#### [TASK STATEMENT]
Output exactly the lines of the listing below that run from the line with "National Environmental Education" through the line with "Sudadera Manowar". No pictures.

#### [DATA SHOWN]
►

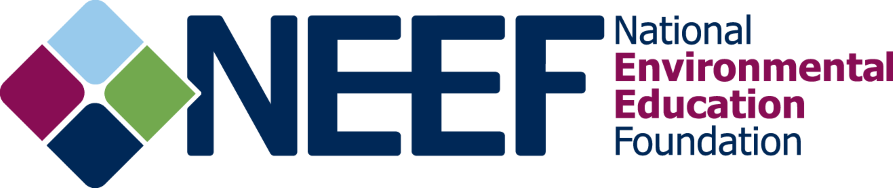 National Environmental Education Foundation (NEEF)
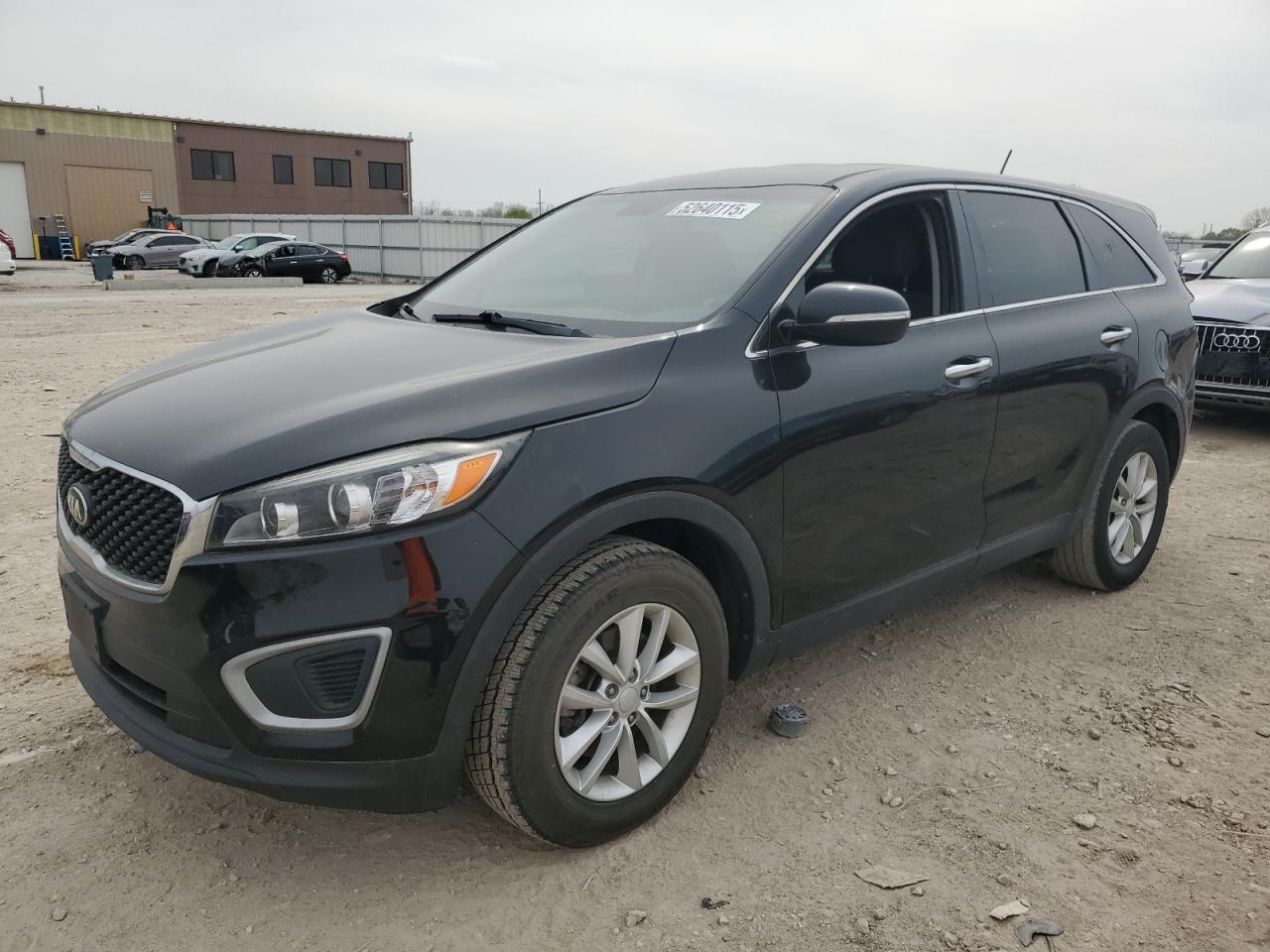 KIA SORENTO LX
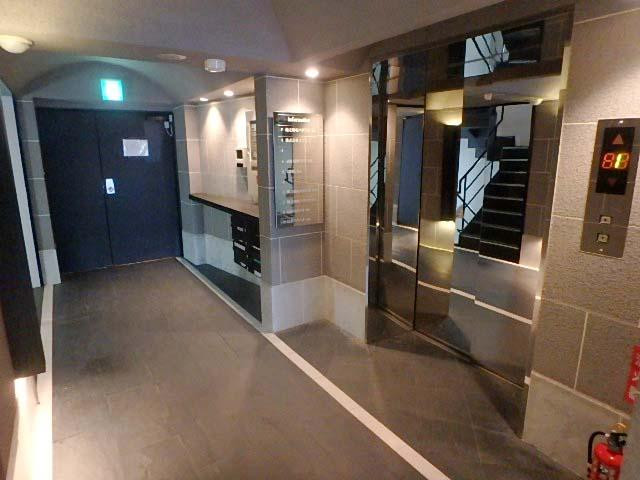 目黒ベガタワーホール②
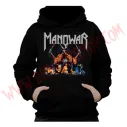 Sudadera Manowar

◄
►

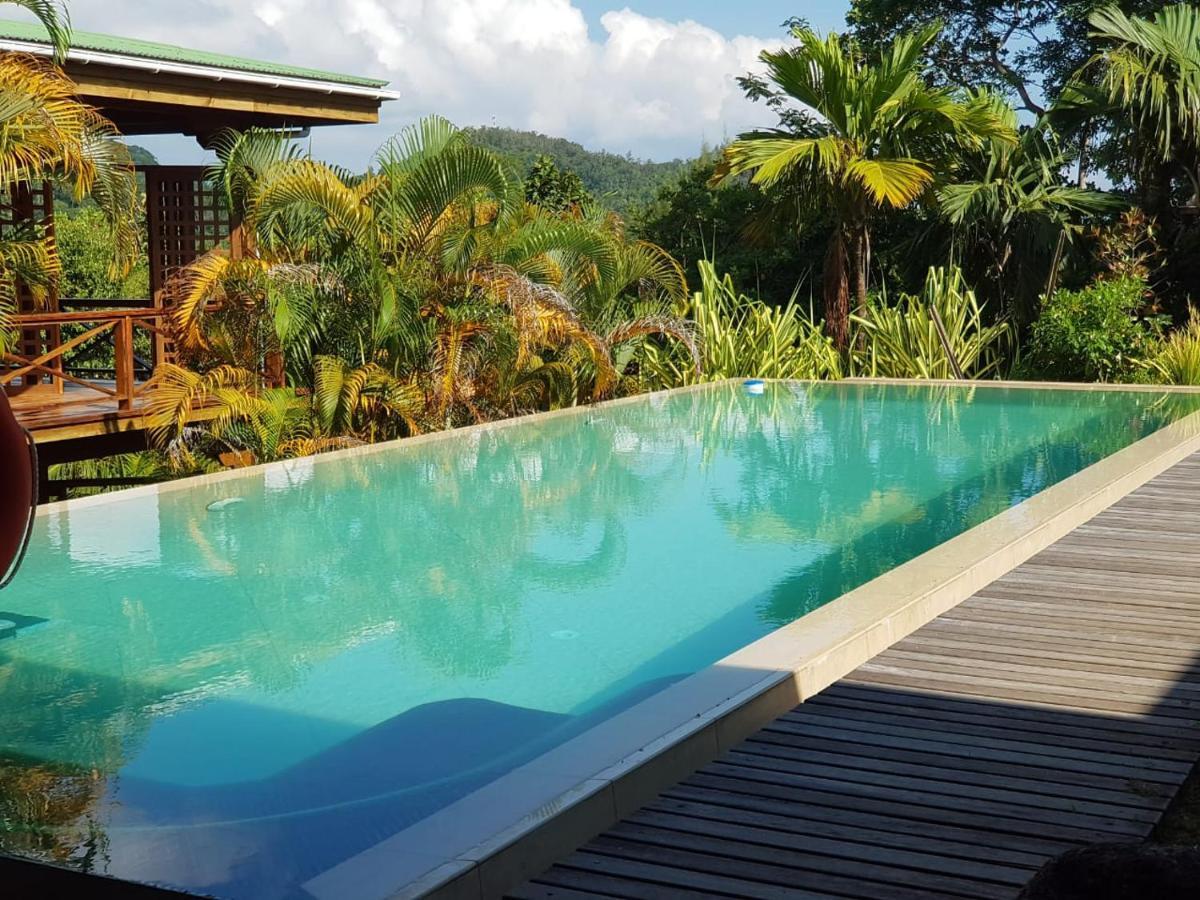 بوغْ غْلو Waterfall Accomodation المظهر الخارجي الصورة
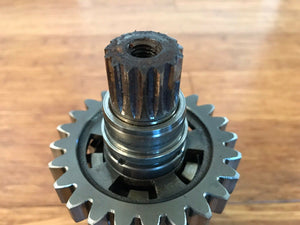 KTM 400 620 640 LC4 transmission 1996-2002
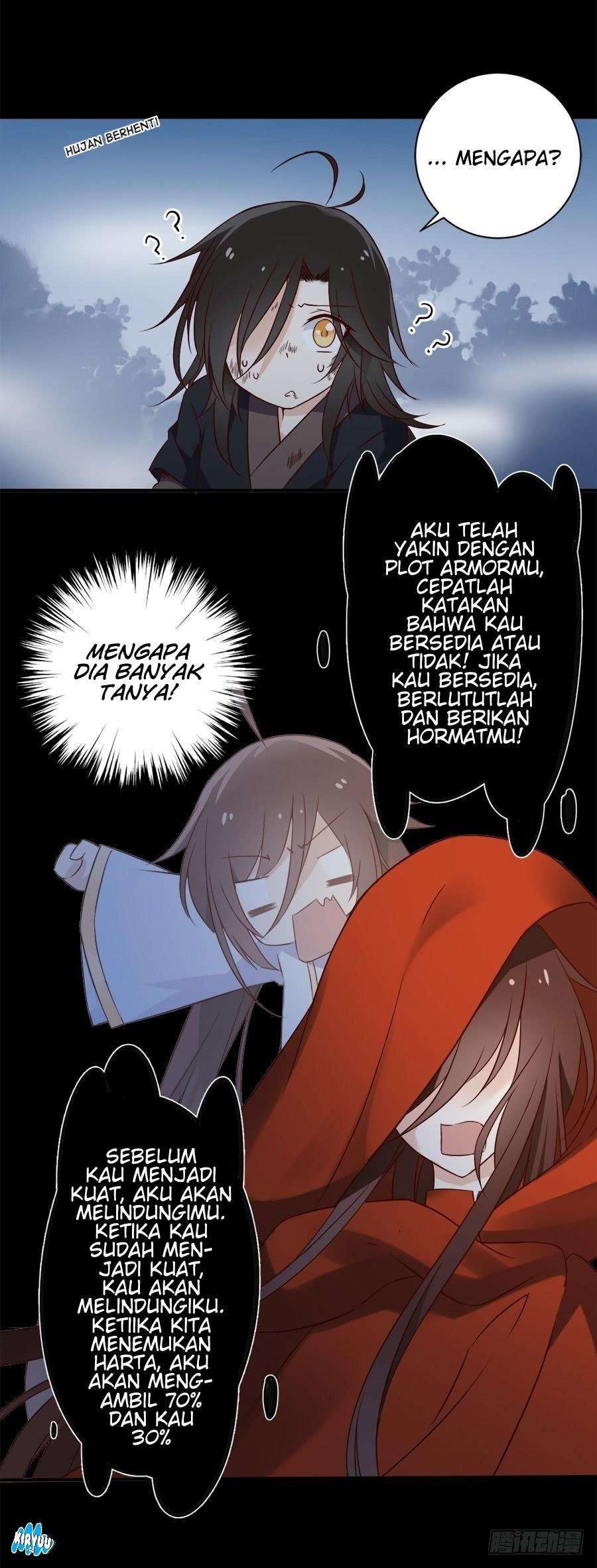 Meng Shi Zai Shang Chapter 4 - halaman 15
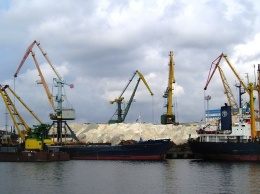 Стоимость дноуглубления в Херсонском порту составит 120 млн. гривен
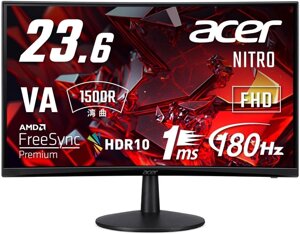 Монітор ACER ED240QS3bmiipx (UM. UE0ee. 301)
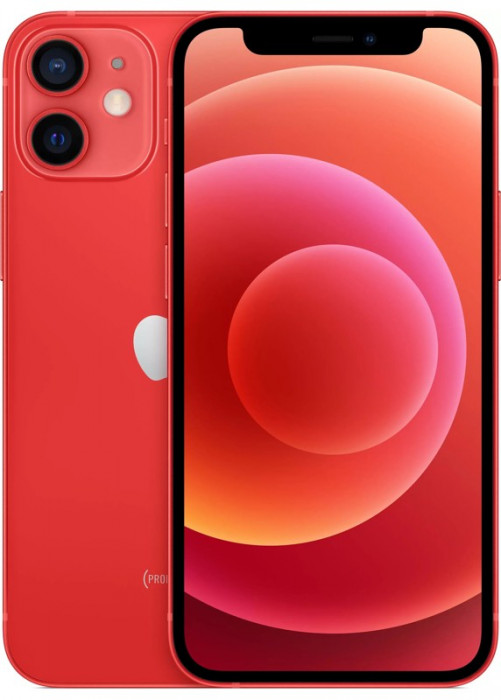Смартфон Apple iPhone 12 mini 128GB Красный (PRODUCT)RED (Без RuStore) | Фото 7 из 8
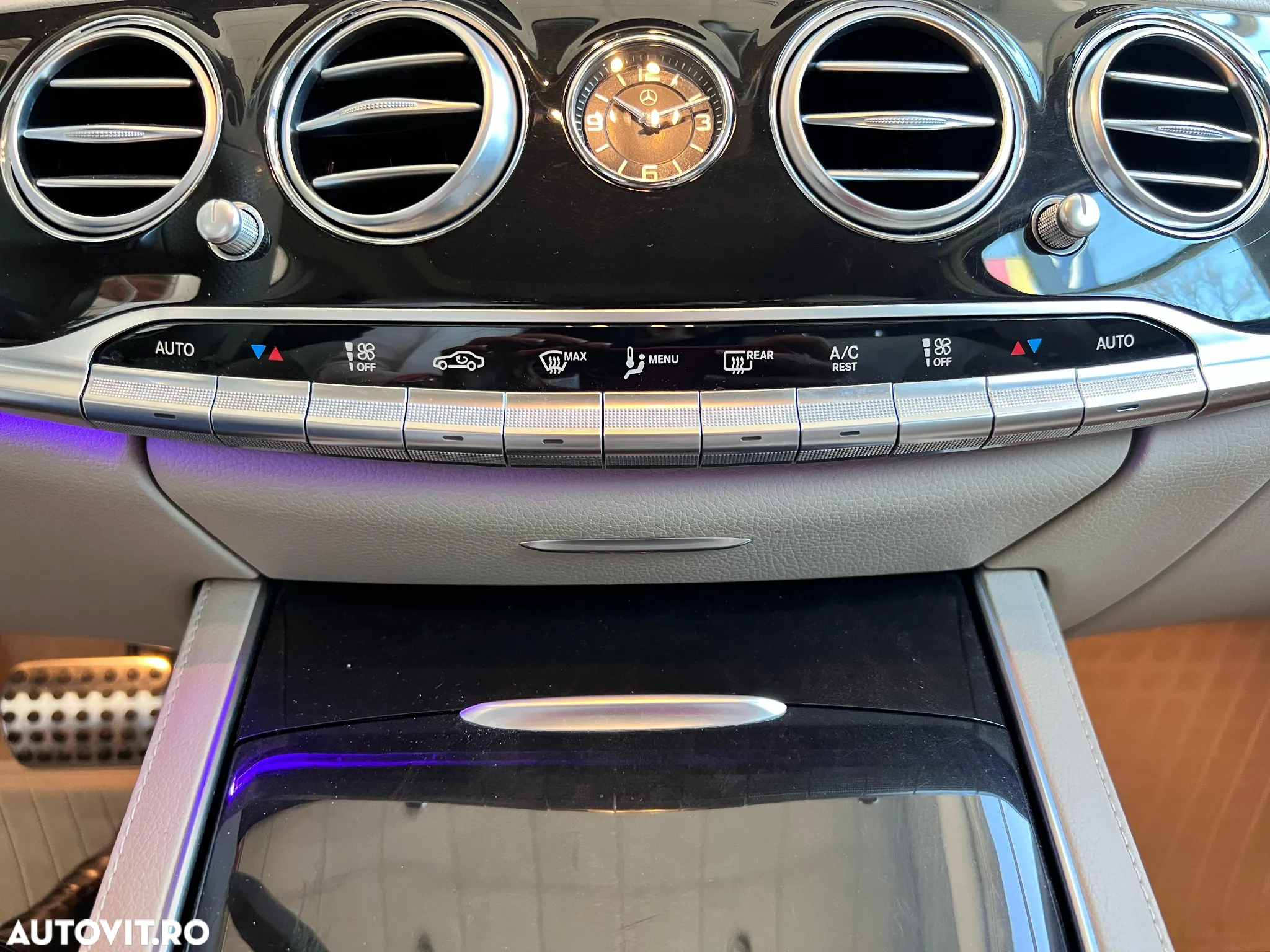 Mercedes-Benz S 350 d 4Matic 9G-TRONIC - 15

◄
►

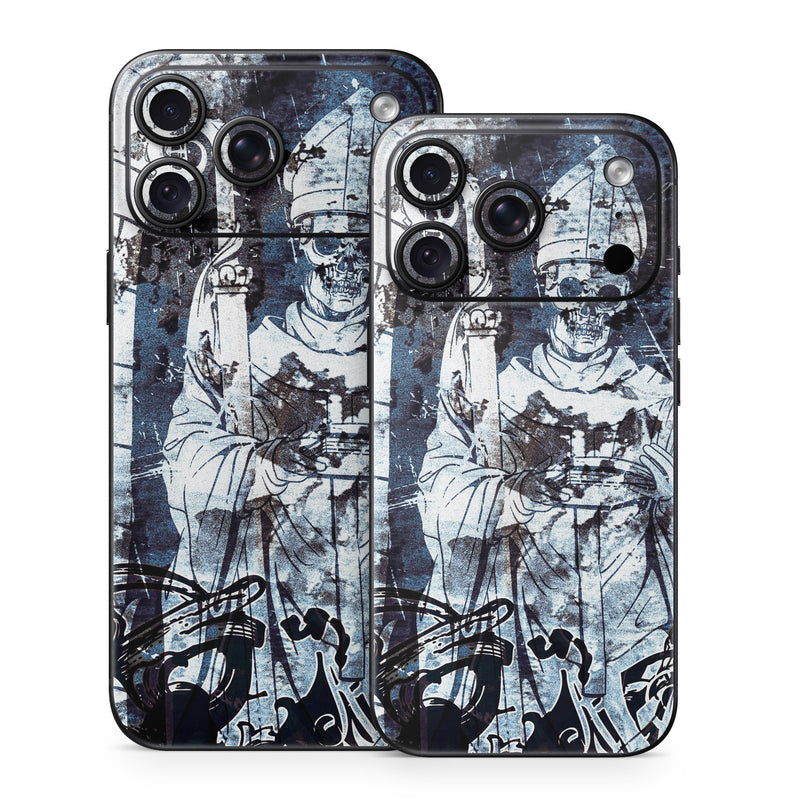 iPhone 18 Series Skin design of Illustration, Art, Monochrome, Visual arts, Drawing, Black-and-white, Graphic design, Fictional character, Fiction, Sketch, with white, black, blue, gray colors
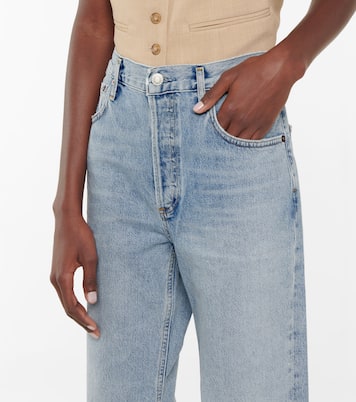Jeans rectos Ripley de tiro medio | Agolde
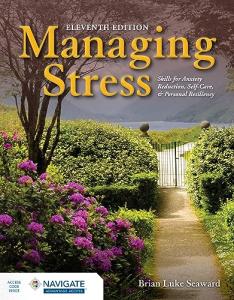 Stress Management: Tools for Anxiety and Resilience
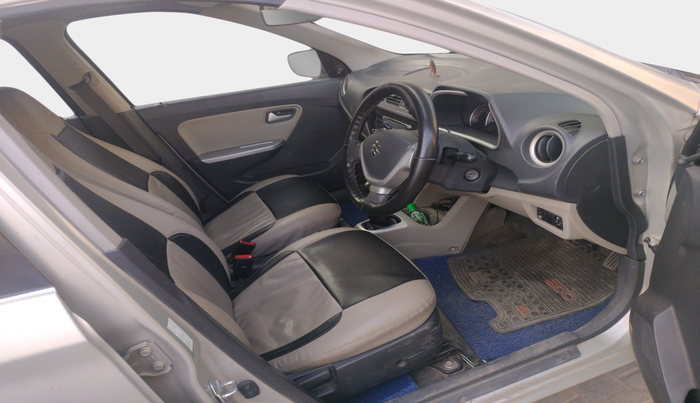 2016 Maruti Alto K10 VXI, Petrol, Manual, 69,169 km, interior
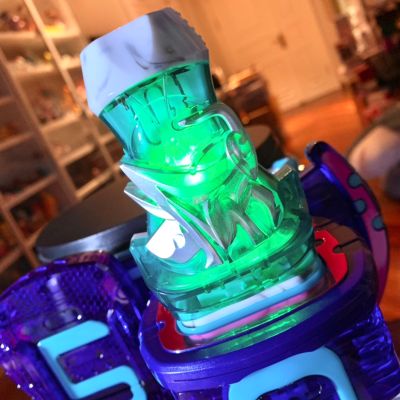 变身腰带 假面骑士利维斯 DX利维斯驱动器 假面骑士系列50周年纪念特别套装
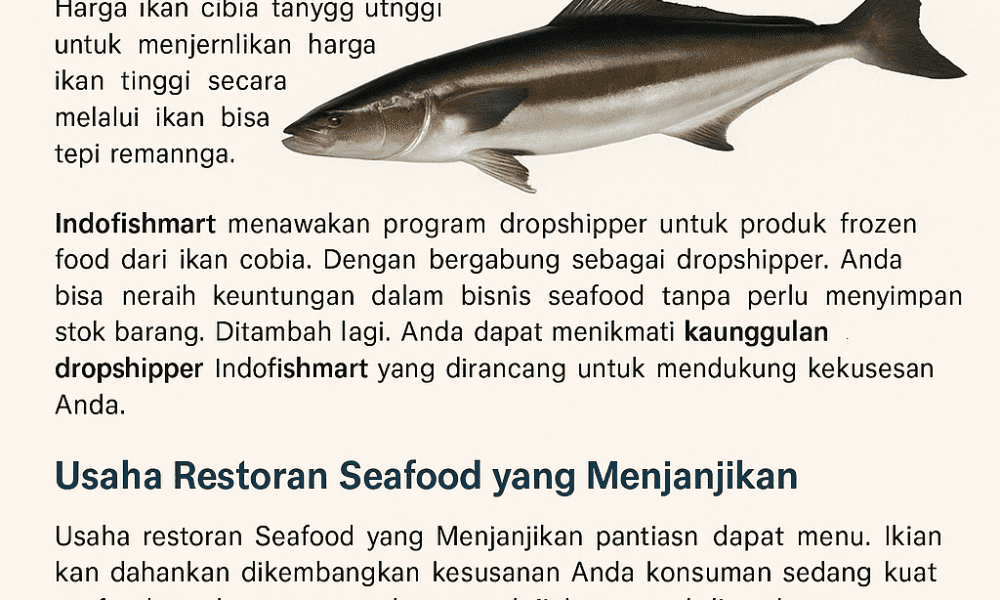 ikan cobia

◄

#### [EXERCISE OUTPUT]
 National Environmental Education Foundation (NEEF)
 KIA SORENTO LX
 目黒ベガタワーホール②
 Sudadera Manowar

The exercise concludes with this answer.